The five concerts varied in standard. The most effective performances - those which did justice to some of the pinnacles of European music - included some in the Abendmusik programmes which opened and closed the festival on successive Sunday evenings.
In the first, Mark Duley conducted the cathedral choir and an accomplished continuo group in three motets, while Malcolm Proud was in strong form with several organ works.
The next concert in the festival was one to remember. On Tuesday night, Colm Carey played those Contrapunctus movements of Die Kunst der Fuge which are based on the main subject.

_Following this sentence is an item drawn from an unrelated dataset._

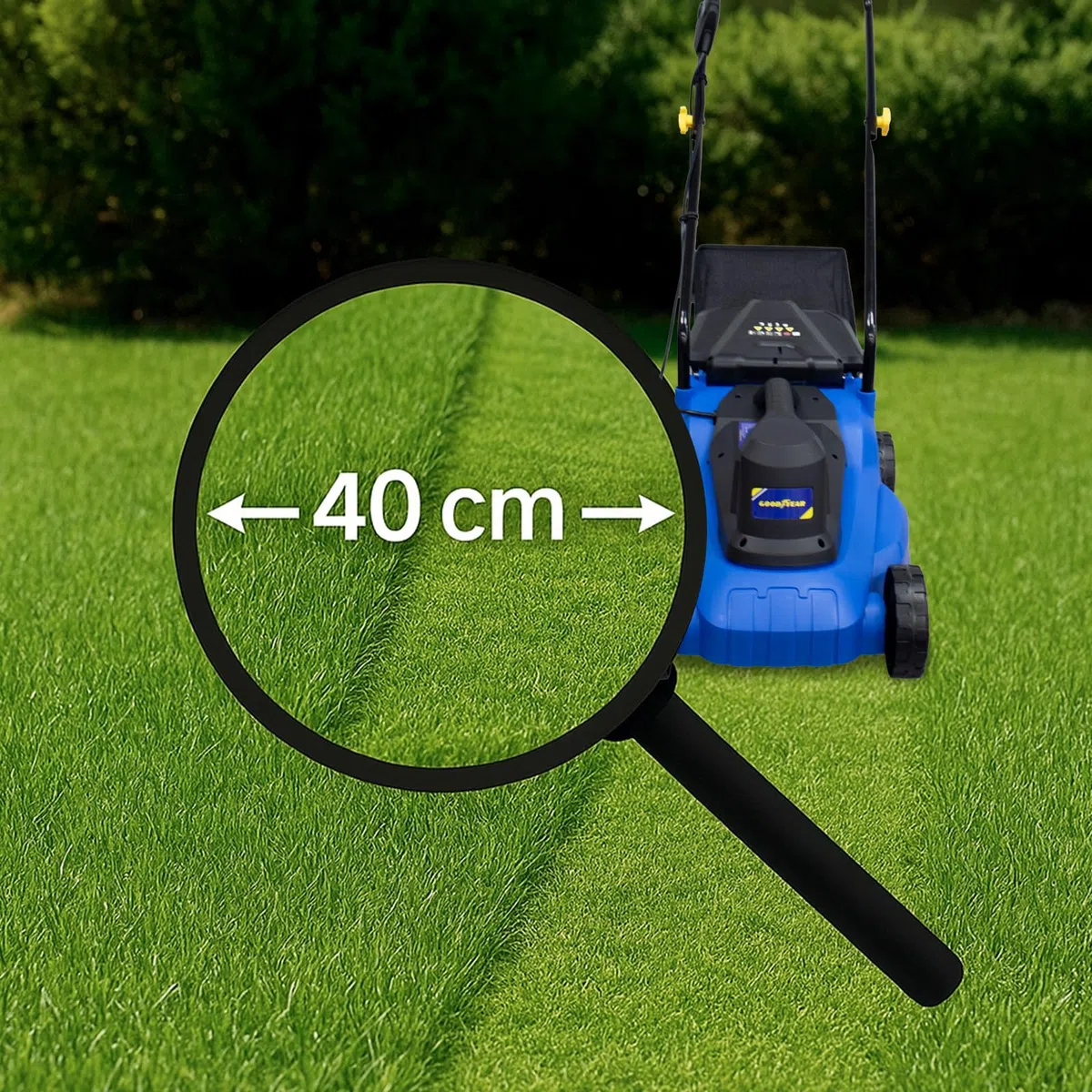 Goodyear - Cortacésped Eléctrico Rotativo 1800W, Ancho de Corte 40cm, Motor 3200 RPM, Segadora Eléctrica para Jardín hasta 300m², Altura Regulable y Bolsa de Recogida 35L, Ligero y Compacto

With little use of the cathedral organ's pedals, and a Glenn Gould-like ability to make individual lines speak, this was a model of technical command, stylistic awareness and musical insight.
The concerts on Thursday and Saturday nights were given by Christ Church Baroque, plus instrumental and vocal soloists. They evoked a mixture of admiration for individual players - members of the orchestra as well as soloists - and frustration. Perhaps the best performance was of Cantata 170, Vergnugte Ruh, beliebte Seelenlust, in which the sensitive singing of the mezzo soprano, Alison Browner, inspired a unanimity which was wanting elsewhere.

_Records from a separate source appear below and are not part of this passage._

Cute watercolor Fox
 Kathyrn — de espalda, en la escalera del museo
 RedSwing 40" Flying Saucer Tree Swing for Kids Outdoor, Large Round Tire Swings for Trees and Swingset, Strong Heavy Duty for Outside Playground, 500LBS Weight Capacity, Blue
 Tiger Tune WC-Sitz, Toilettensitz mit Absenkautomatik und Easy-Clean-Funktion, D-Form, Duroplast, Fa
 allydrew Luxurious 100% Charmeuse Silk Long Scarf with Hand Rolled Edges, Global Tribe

The performances of the Brandenburg Concertos Nos 3, 4 and 6 tended to substitute combative discourse and hard rhythmic drive for more subtle types of energy. In the concertos for two and three harpsichords, BWV1061 and 1063, the orchestra was poorly co-ordinated with the accomplished and focused playing of the soloists, Malcolm Proud, Gillian Smith and David Adams.
These concerts epitomised the historical performance movement's enduring tension between doctrine and instinct. No amount of knowledge about the hardware of historical performance practice can be a substitute for informed instinct. The common practice of the past is unrecoverable, but workable present-day equivalents can be developed.

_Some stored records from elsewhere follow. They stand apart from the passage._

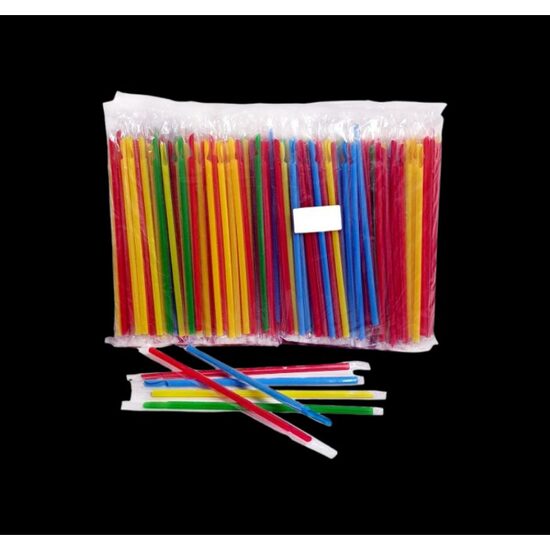 Paie cu lingurita color AMBALATE INDIVIDUAL 205x6mm 500buc/set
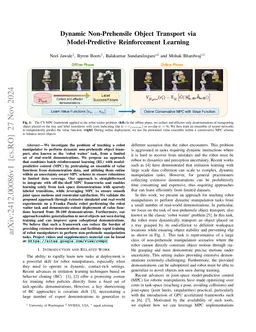 Dynamic Non-Prehensile Object Transport via Model-Predictive
  Reinforcement Learning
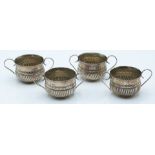 Victorian set of four Britannia standard hallmarked silver twin handled novelty miniature porringers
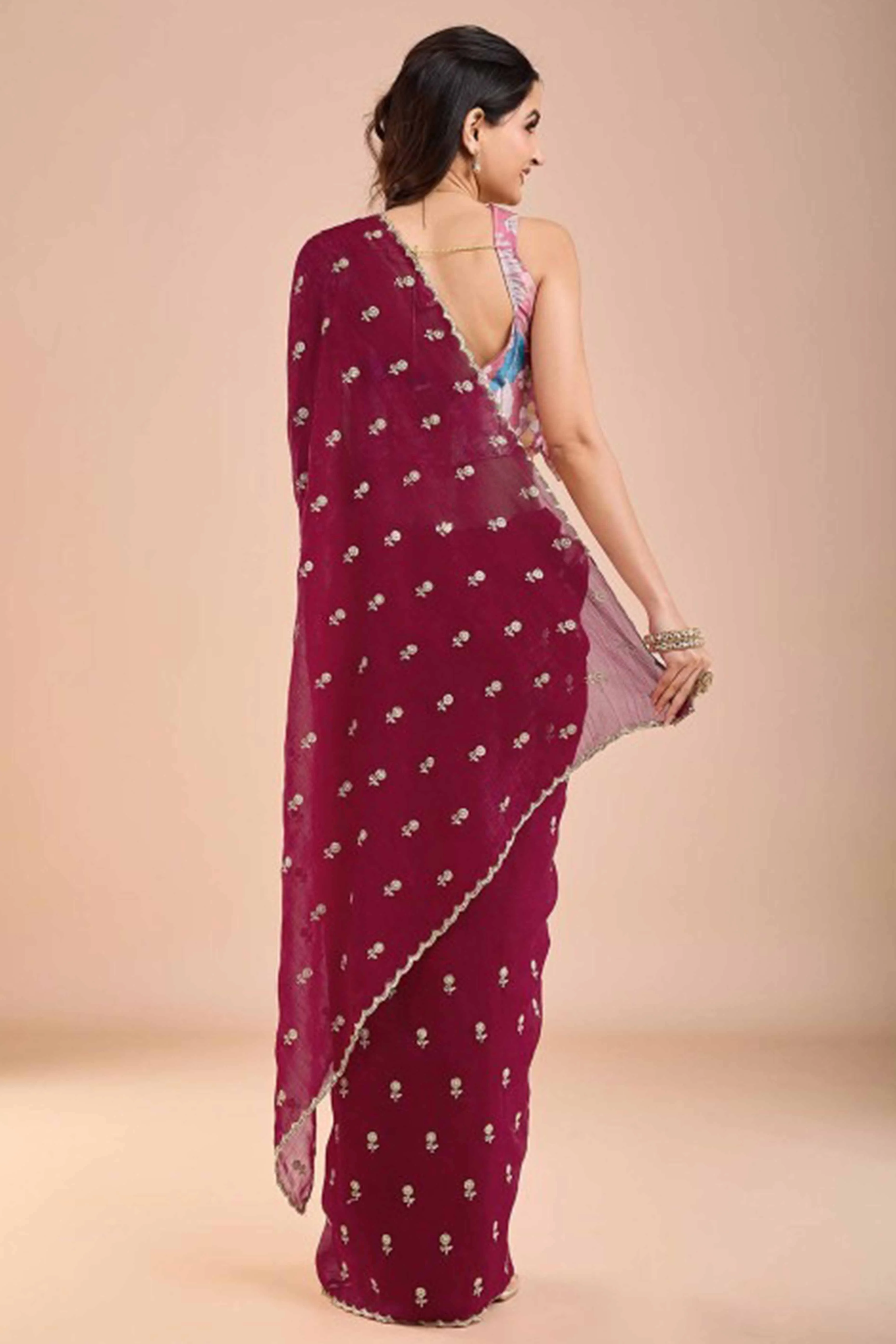 Rani Pink Crunchy Saree Adorned With Floral Sequins Embroidery & Graceful Border Finish - Image 5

For Christ Church Baroque, that will happen only if a core of musicians plays together more regularly, and if they abandon some shibboleths of historical performance. These include the beliefs that giving historical instruments to experienced musicians and directing from the front desk will perforce produce historical results.
As someone who wishes passionately for the success of this important venture, I know this can be done. There are implications for finance, as well as for thought and policy. But these nettles must be grasped if Christ Church Baroque is to take the place it deserves.
All these points were reinforced by the festival's last concert, when choir, orchestra and soloists combined to present Cantatas 106 and 139 plus the sublime motet, O Jesu Christ meins Lebens Licht. Problems included vagrant tuning and speeds which were too fast to let the music breathe. Nevertheless, the focus produced by Mark Duley's conducting, added to the choir's comparative security, offered glimpses of Christ Church Baroque's potential.